Data Science Asked on May 2, 2021
Looking to build a response model (click or no click) on marketing data which displays varying number of offers to a person. I don’t want to model which offer they click but do they click any of the offers presented to them. My issue is how to deal with the differing number and types of offers?
Example data could be one table of id’s:
id clicked
001 1
002 0
003 1
And varying number of offers per id:
id discount_rate on_amt
001 0.05 100
001 0.10 500
002 0.03 50
003 0.05 100
003 0.10 300
003 0.15 500
Do I create features from the offer data set such as average discount_rate, max on_amt etc.? Or create a very large binary sparse matrix of binned offer types such as rate_5-10_amt_0-50 1/0 and rate_5-10_amt_50-100 1/0 …?
Or is there a good model that handles variable data like this?
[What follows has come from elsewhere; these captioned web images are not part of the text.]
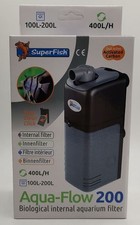 Superfish aquaflow aquarium - superfish,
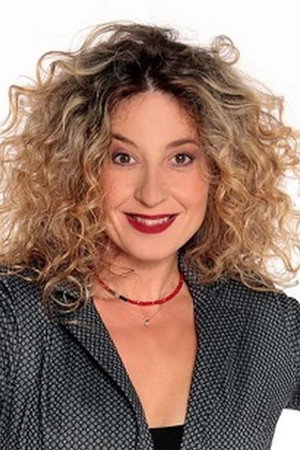 Faidra Drouka portrait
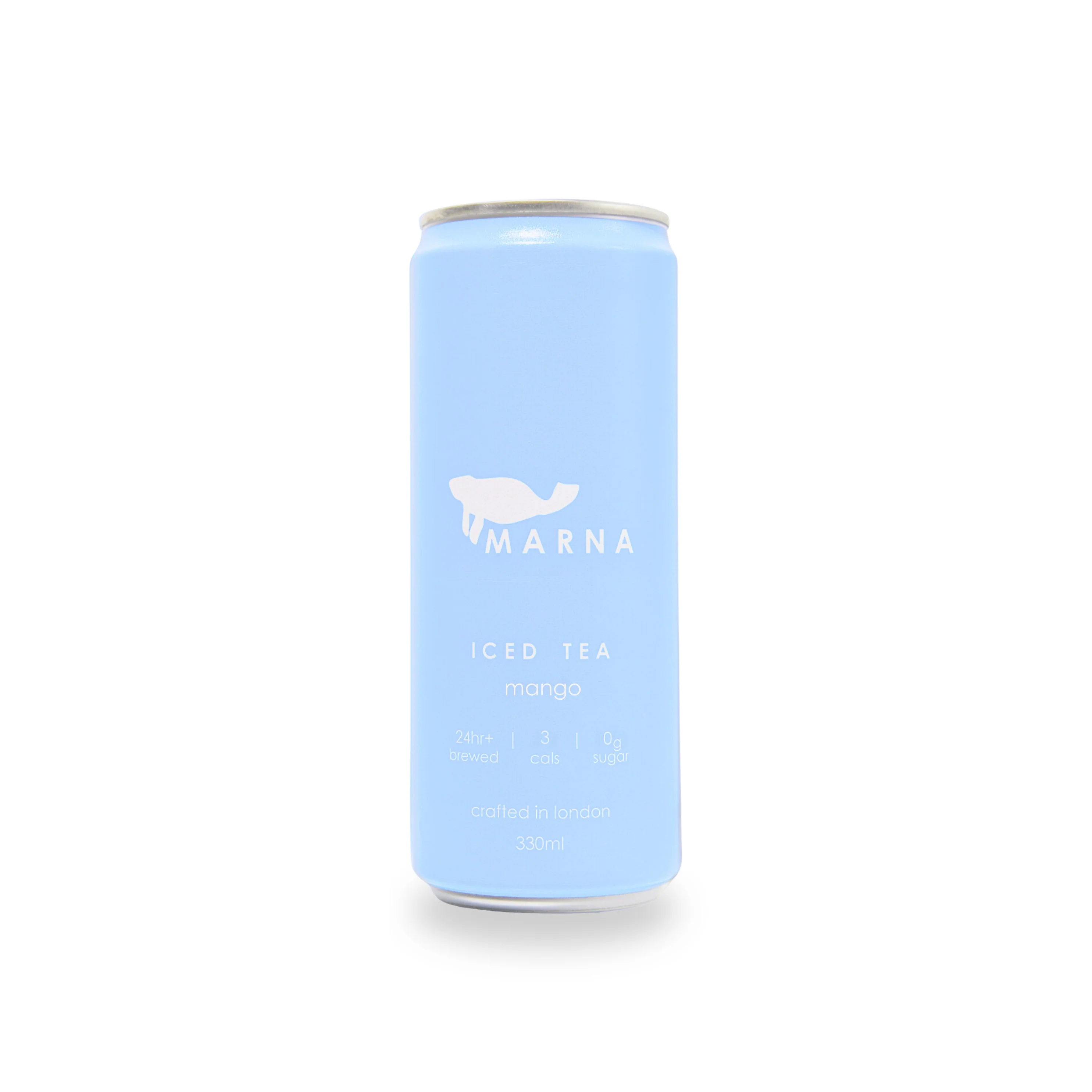 Iced Teas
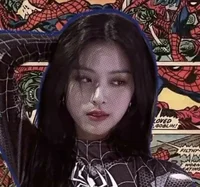 Spider Ryujin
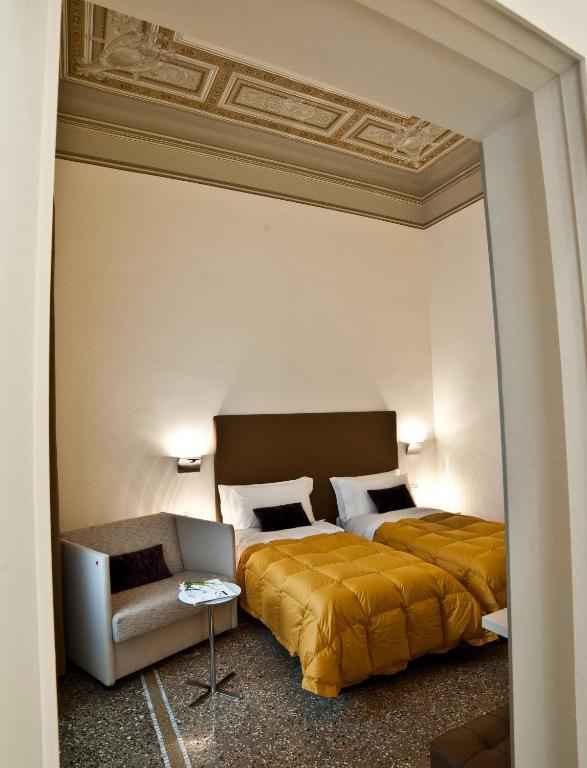 레조디칼라브리아 Town House Cavour B&B 객실 사진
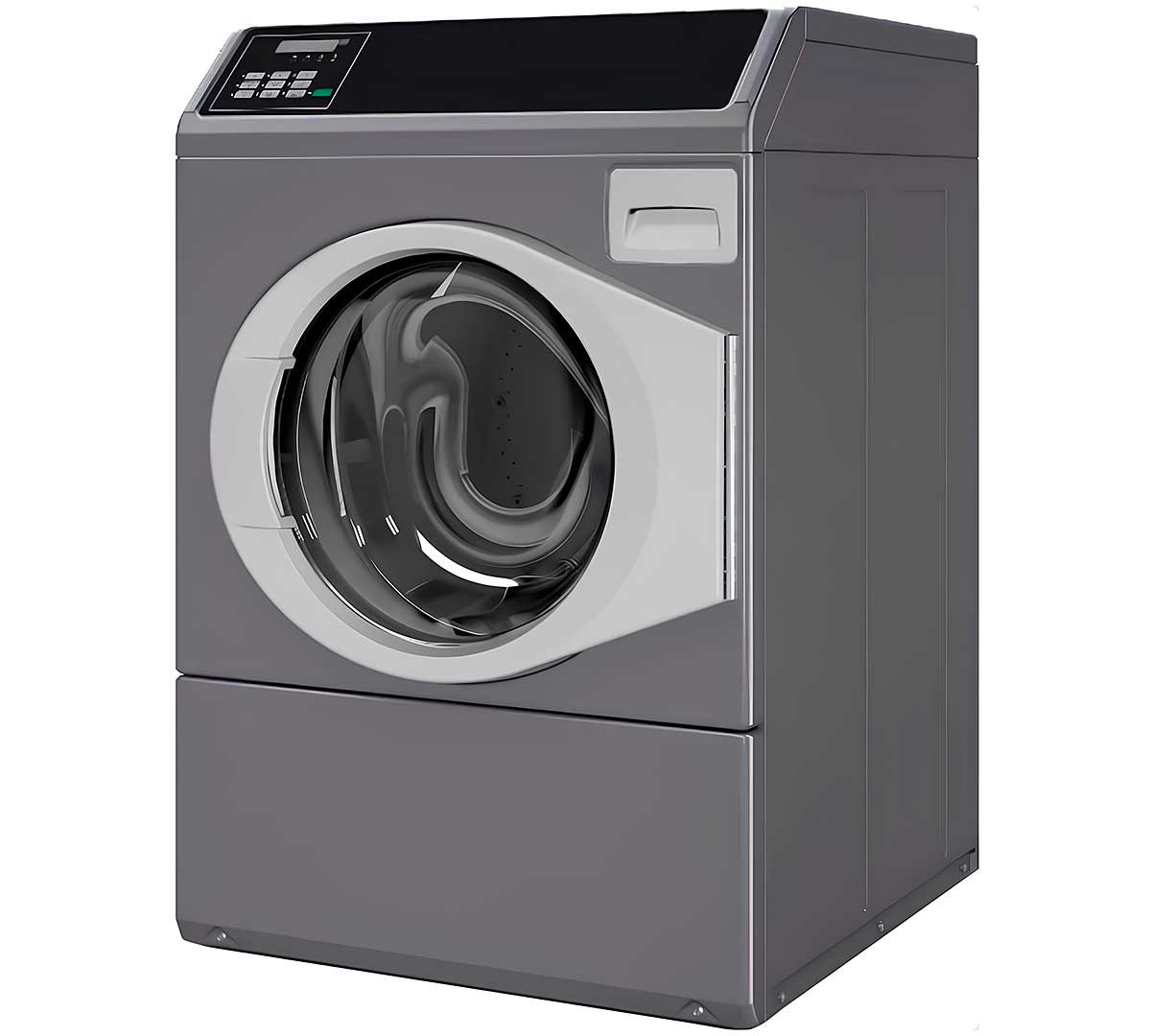 IPSO - LAVADORA SEMI PROFESIONAL NF10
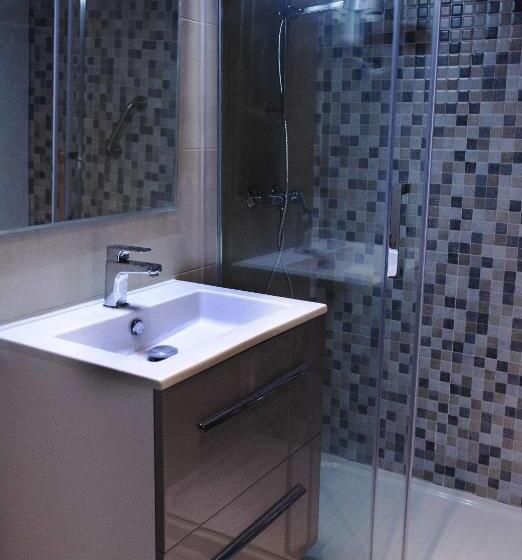 Апартаменты Superior 1 Спальня, Apartments Kione Playa Romana Park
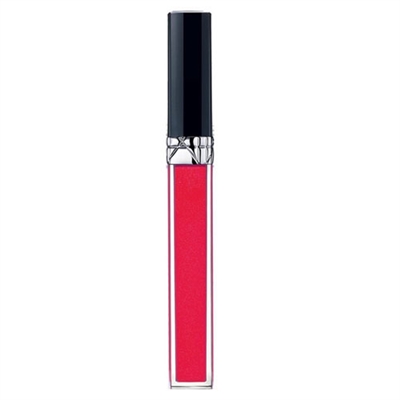 Christian Dior Rouge Dior Brillant Lipshine & Care Couture Colour 858 Royale 0.20oz / 6ml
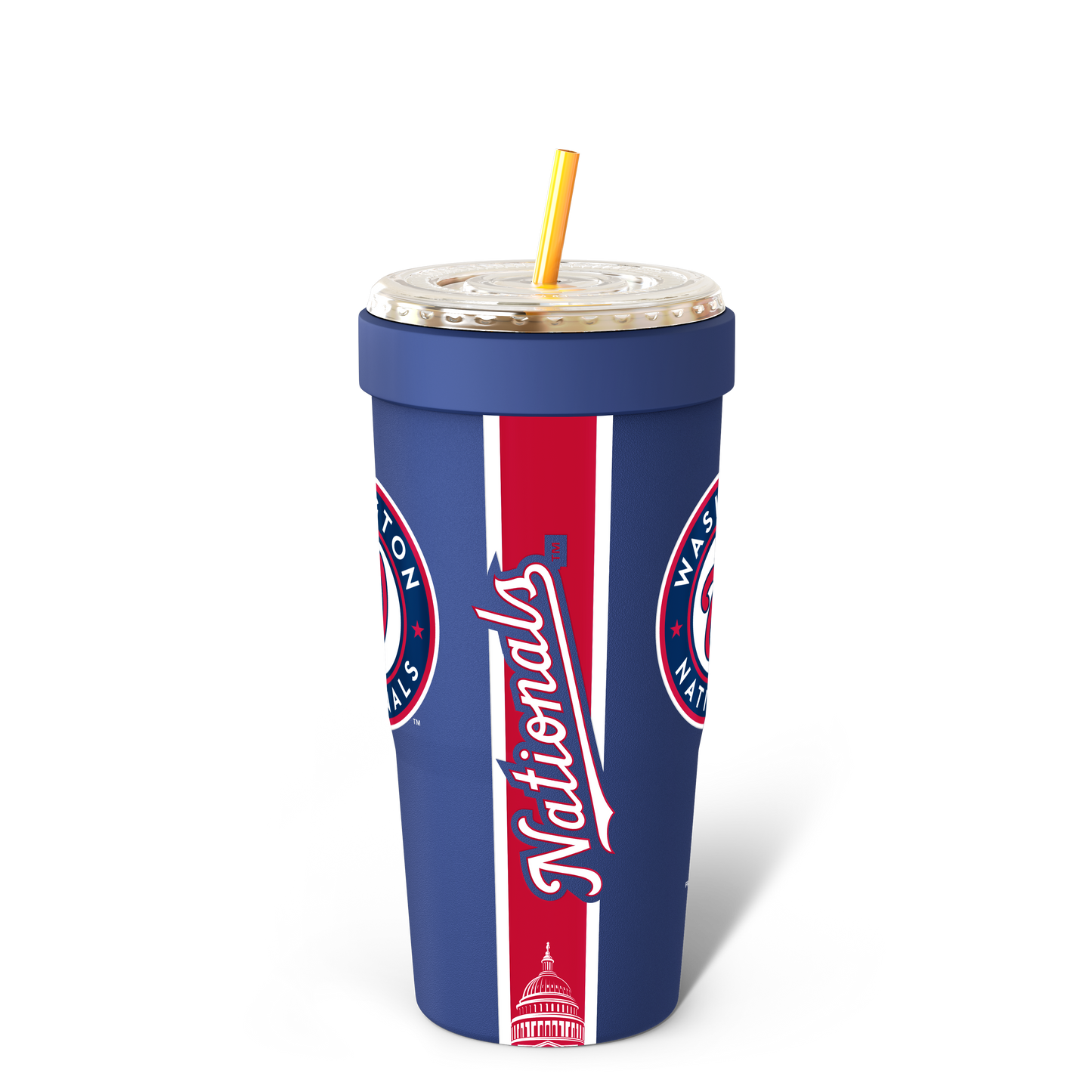 To-Go Buddy | Washington Nationals | Gameday image 2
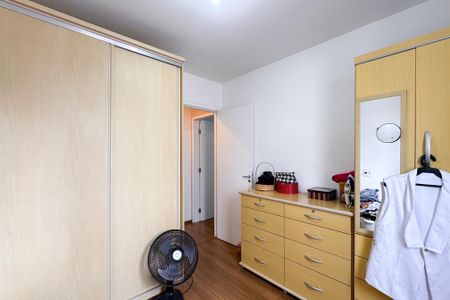 Apartamento à venda com 54m², 2 quartos e 1 vagaQuarto 1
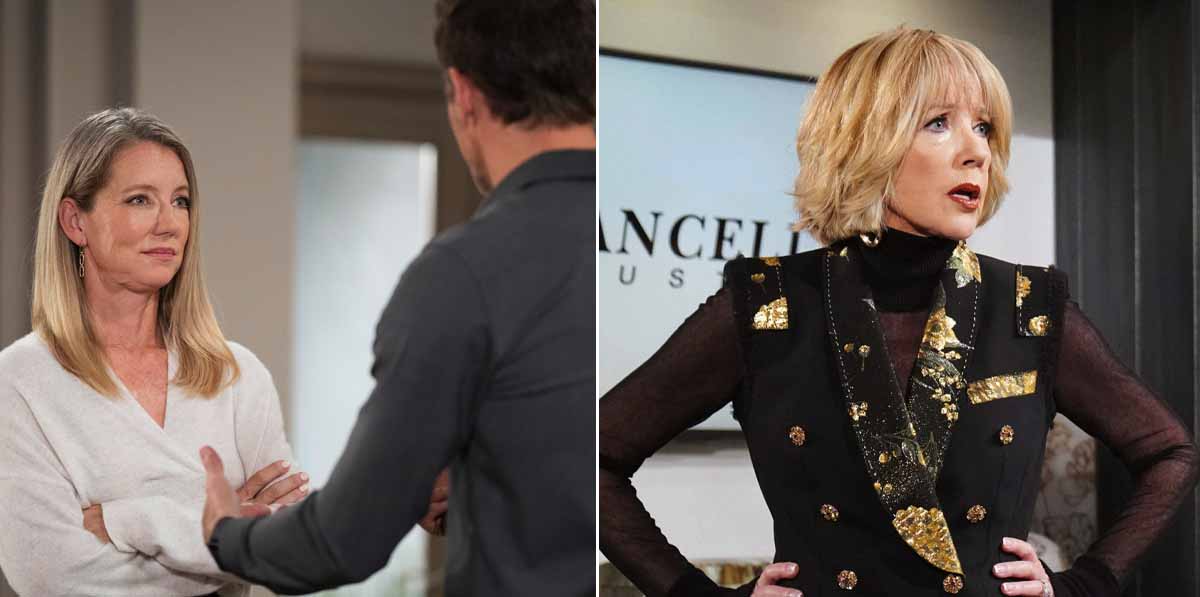 cynthia watros, melody thomas scott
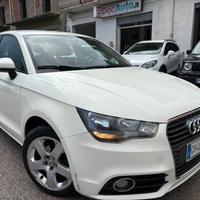 Audi A1 1.6 TDI Attraction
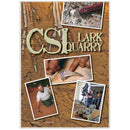 CSI Lark Quarry by Dr Scott Hocknull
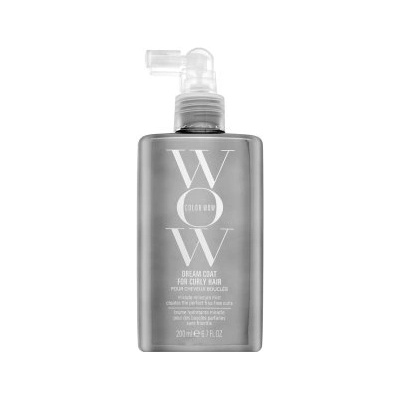 Color Wow Dream Coat For Curly Hair термоактивен спрей Против накъдряне 200 ml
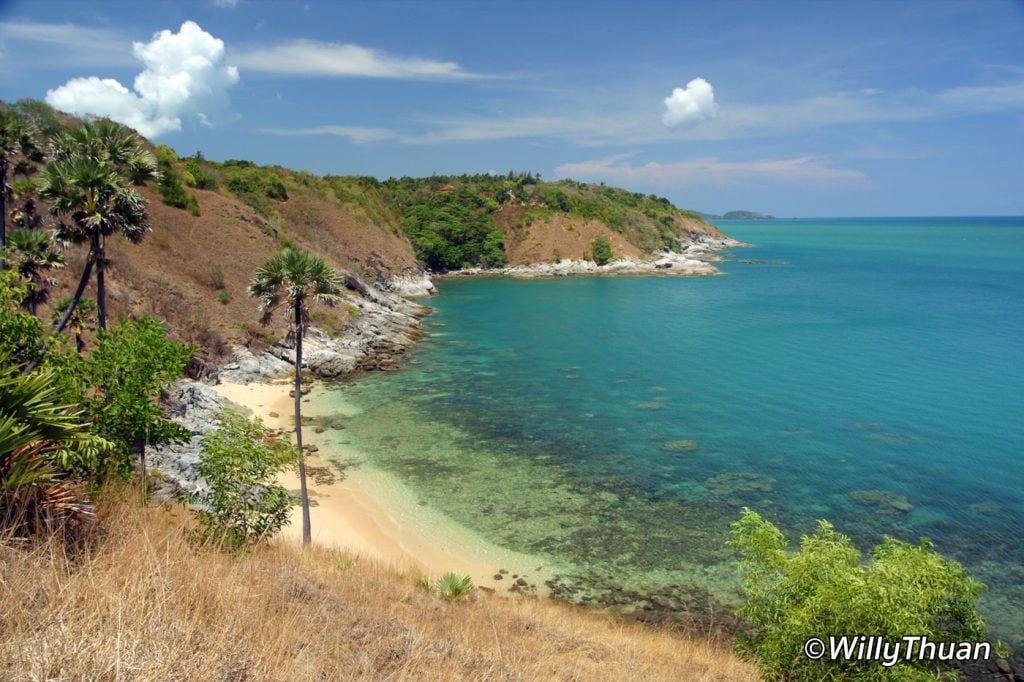 Promthep Cape Sunset Viewpoint - PHUKET 101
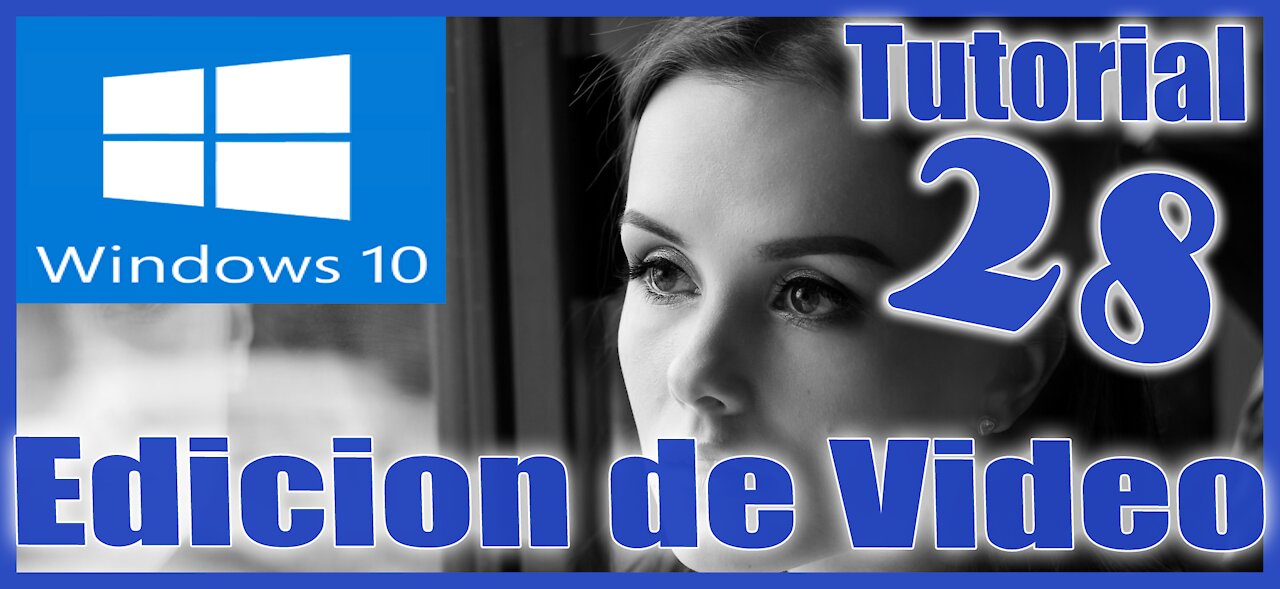 Windows 10 Sesion 28 Edicion de Video con Wonder Share Video Editor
You need to create a tidy version of the data with the on_amt
and discount_rat
encoded as a categorical variable (e.g., one-hot encoded). If they are continuous, they need to binned into categorical variables then encoded.
Answered by Brian Spiering on May 2, 2021
Our team uses ‘featuretools’’s deep feature synthesis for exactly this scenario. In this way you can capture much more signal via various aggregations per feature (mean, most_recent, mode etc.)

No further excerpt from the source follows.